[Records contained in a dataset]
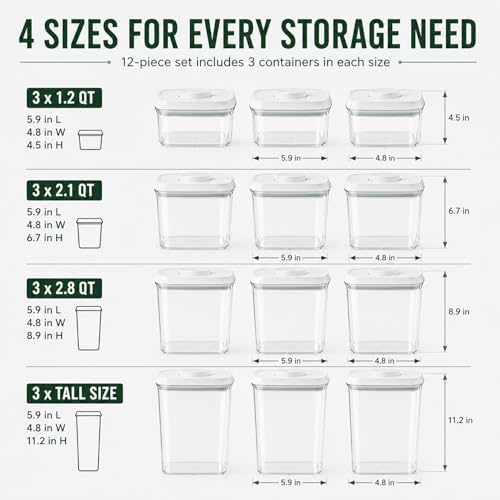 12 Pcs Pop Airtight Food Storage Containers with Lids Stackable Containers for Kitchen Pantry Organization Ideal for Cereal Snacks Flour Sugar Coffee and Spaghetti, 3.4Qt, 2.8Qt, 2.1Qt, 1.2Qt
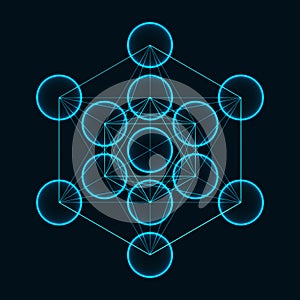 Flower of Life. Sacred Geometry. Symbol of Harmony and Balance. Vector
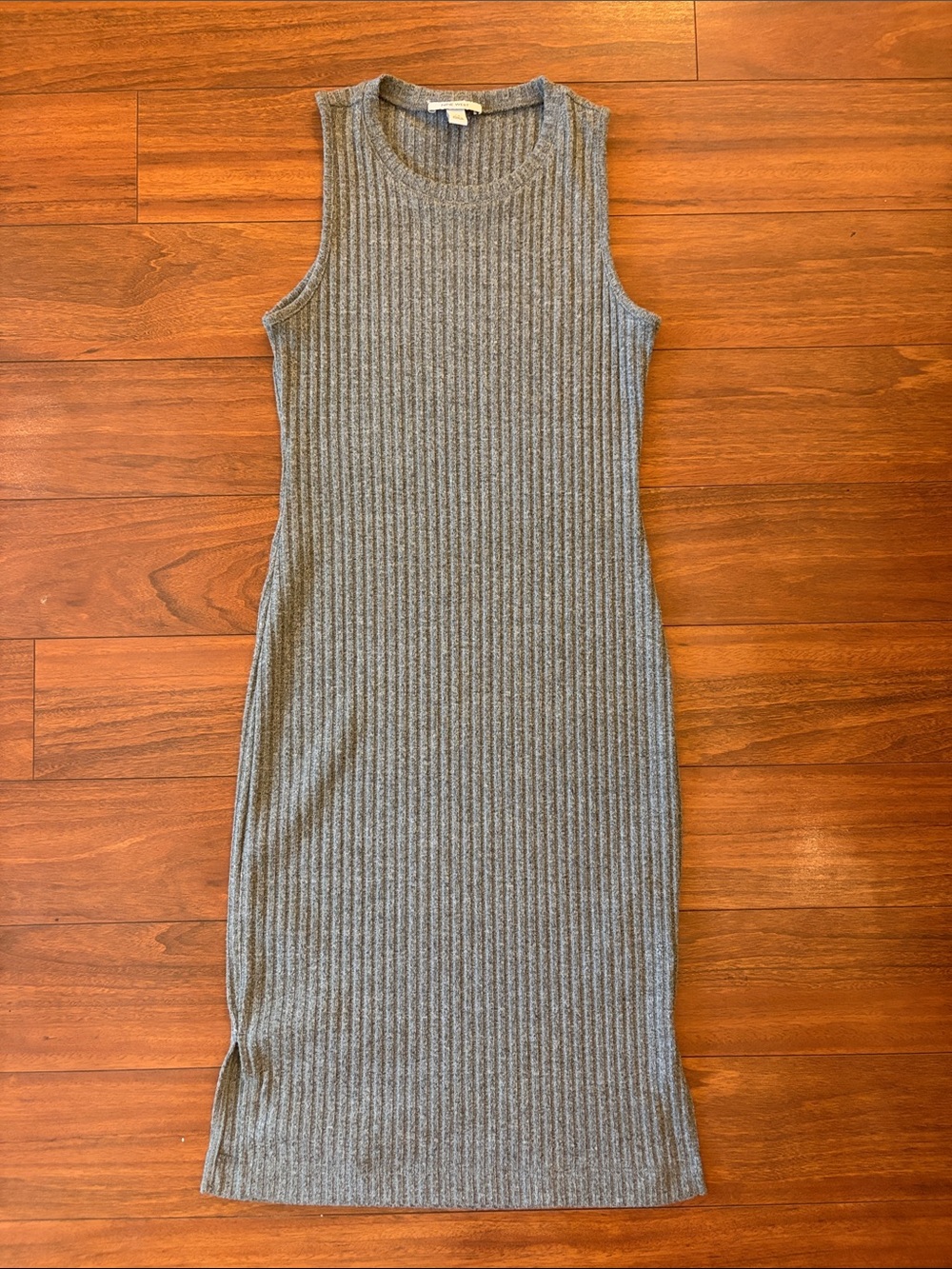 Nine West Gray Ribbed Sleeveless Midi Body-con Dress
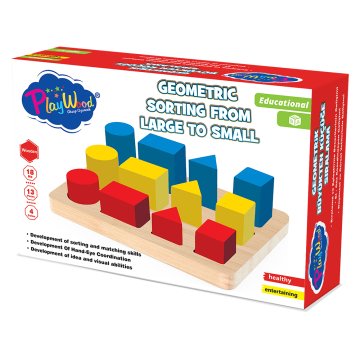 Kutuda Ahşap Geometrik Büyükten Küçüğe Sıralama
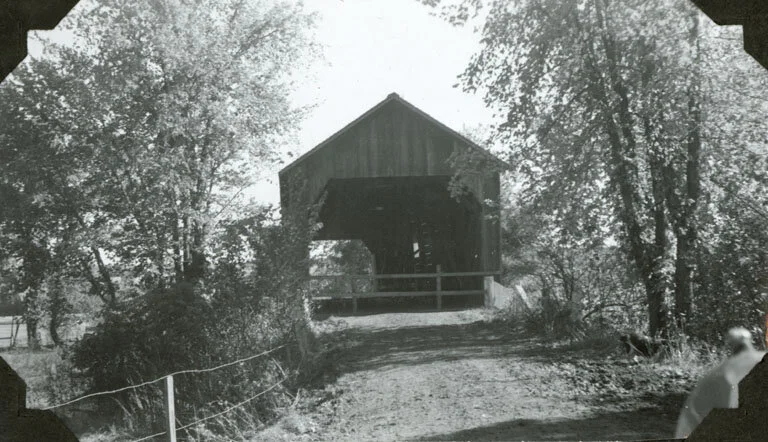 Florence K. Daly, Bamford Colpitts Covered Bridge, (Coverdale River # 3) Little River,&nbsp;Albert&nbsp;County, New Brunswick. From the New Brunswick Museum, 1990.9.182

◆ **Task item**:
Output the entries exactly as they appear, with no pictures included.

◆ **Response to this exercise**:
 12 Pcs Pop Airtight Food Storage Containers with Lids Stackable Containers for Kitchen Pantry Organization Ideal for Cereal Snacks Flour Sugar Coffee and Spaghetti, 3.4Qt, 2.8Qt, 2.1Qt, 1.2Qt
 Flower of Life. Sacred Geometry. Symbol of Harmony and Balance. Vector
 Nine West Gray Ribbed Sleeveless Midi Body-con Dress
 Kutuda Ahşap Geometrik Büyükten Küçüğe Sıralama
 Florence K. Daly, Bamford Colpitts Covered Bridge, (Coverdale River # 3) Little River,&nbsp;Albert&nbsp;County, New Brunswick. From the New Brunswick Museum, 1990.9.182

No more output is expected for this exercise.